Input:
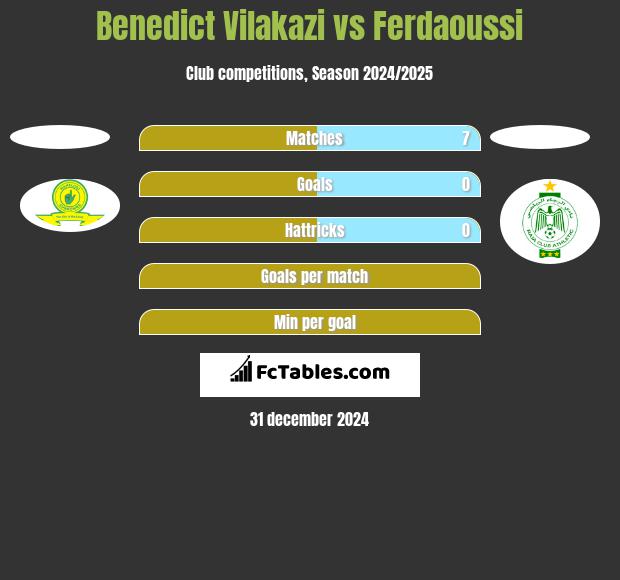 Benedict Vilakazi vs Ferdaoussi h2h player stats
==
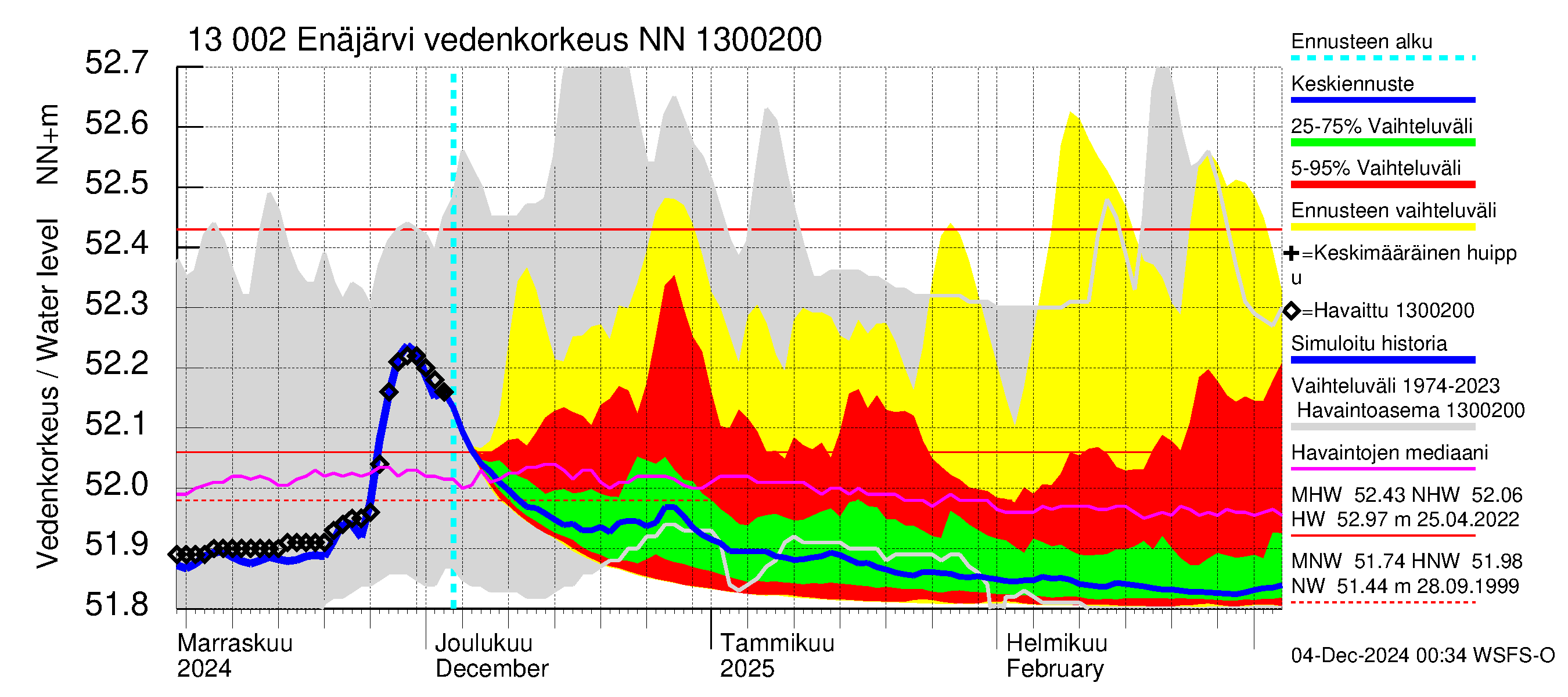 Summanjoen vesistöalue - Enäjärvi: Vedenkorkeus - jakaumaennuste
==
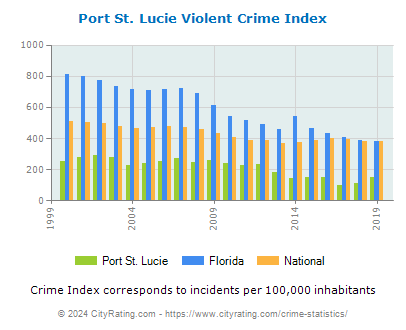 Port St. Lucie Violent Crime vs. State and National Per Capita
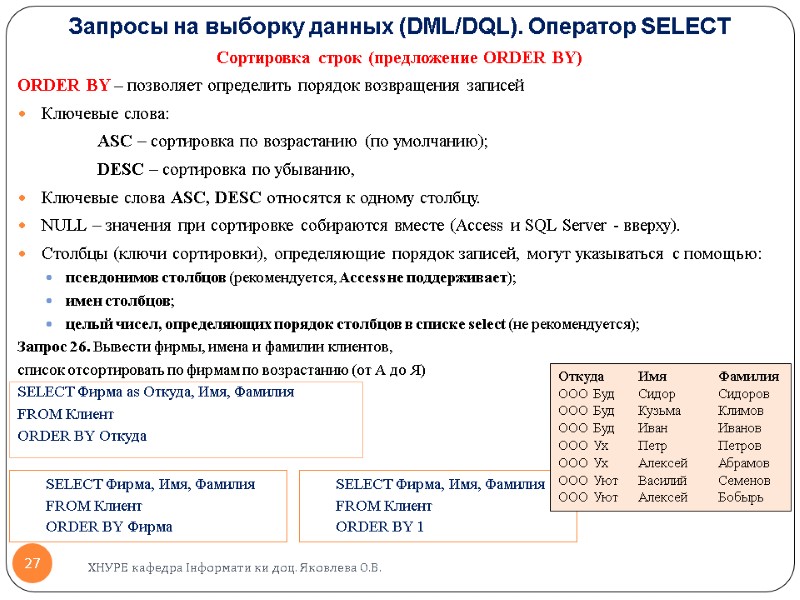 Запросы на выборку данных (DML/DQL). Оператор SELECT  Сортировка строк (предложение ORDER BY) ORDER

Problem to work on:
From the records above, extract the lines from the one holding "Port St. Lucie" through the one holding "Запросы на выборку", word for word; omit the pictures.

The completed task:
 Port St. Lucie Violent Crime vs. State and National Per Capita
 Запросы на выборку данных (DML/DQL). Оператор SELECT  Сортировка строк (предложение ORDER BY) ORDER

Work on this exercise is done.